In 2007 Richmond California had one of the highest murder rates in California. This is a story of how five people willing to innovate outside the lines of conventional thinking were able to help a community change the equation.

The backstory of how this happened is hardly known.

Mayor Gayle McGlaughlin had just become the highest elected Green in the US, winning the Mayor's race by 300 votes on a mandate to reduce the historic level of violence and poverty.

The community approached her with an idea to put neighborhood peace keepers out ont eh streets, a notion redolent of the "Red Berets" of the 1970's, community volunteers who would occupy the streets and keep them safe by standing guard. The Mayor directed her staff to come up with options to execute such an idea. Given the level of tension and danger on the streets the idea of volunteer neighborhood peace keepers was a bit out of step with the kind of outcomes that were needed. Staff was quite dubious and searched for a better idea, given whatever the solution it would have to be funded and approved by a vote from the City Council with the support of City Management.

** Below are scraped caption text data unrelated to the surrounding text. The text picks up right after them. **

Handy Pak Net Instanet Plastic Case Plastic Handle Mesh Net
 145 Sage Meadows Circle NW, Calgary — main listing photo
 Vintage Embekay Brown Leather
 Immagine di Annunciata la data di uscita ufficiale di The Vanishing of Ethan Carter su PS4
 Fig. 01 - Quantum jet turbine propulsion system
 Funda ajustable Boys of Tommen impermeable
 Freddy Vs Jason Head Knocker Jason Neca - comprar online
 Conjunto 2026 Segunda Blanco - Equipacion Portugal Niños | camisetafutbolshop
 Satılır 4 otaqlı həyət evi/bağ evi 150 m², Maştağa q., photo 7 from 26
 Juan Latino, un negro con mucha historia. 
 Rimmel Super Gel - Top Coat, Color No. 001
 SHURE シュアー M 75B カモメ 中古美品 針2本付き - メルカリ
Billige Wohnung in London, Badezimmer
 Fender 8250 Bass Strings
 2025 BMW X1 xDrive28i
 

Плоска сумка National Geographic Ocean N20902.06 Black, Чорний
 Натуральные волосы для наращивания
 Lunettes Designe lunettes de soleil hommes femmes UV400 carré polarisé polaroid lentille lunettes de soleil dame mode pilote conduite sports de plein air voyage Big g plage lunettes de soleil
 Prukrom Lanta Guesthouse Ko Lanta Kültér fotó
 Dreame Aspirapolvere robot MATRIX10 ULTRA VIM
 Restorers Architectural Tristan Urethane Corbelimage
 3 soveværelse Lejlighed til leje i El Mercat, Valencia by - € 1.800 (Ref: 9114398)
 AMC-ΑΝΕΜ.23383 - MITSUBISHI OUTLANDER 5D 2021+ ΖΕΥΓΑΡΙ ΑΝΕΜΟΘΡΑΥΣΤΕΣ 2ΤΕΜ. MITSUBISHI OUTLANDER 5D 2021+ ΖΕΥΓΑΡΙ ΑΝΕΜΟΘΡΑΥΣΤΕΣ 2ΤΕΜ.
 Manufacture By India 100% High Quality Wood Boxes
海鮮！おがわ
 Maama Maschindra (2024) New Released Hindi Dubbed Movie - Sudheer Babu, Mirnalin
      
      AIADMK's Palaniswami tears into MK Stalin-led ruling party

The City Manager, Bill Lindsay, deserves great credit for being willing to try new things and consider radical notions.

The idea that staff came up with was remarkably simple: Create a brand new city department who's only mission and function was to focus on crime prevention by focusing on the top 50 people in and out of prison, and creating alternative pathways for livelihood for them instead of the recidivist trend of returning to a life of crime. Why? Other than the police who were a reactive force, there was nobody in the City who's job was to prevent violence and crime.

Creating a new city department was a tall order. In fact, our calculation was it would cost tax payers $1 MM per year to create a department and staff a program to intervene in cyclical patterns of violence, in a city that was already under serious financial constraints .  The proposal was immediately controversial, and many elected officials privately sought to kill it, given there was no precedent - nothing like this had ever been done.

 Aside from the community the heroes of the story are the city manager Bill Lindsay and the Finance Director, Jim Goins, who both agreed to support the proposal in the face of opposition and the doubts put forward by reluctant city council members. The other heroes of the story were the local community, who came out to support the Mayor's proposal and demanded that the city council approve it or offer a better solution. The proposal passed, largely on the basis of support from the Finance Director, Jim Goins, who pledged to find the money ,and without whom, it was dead on arrival. 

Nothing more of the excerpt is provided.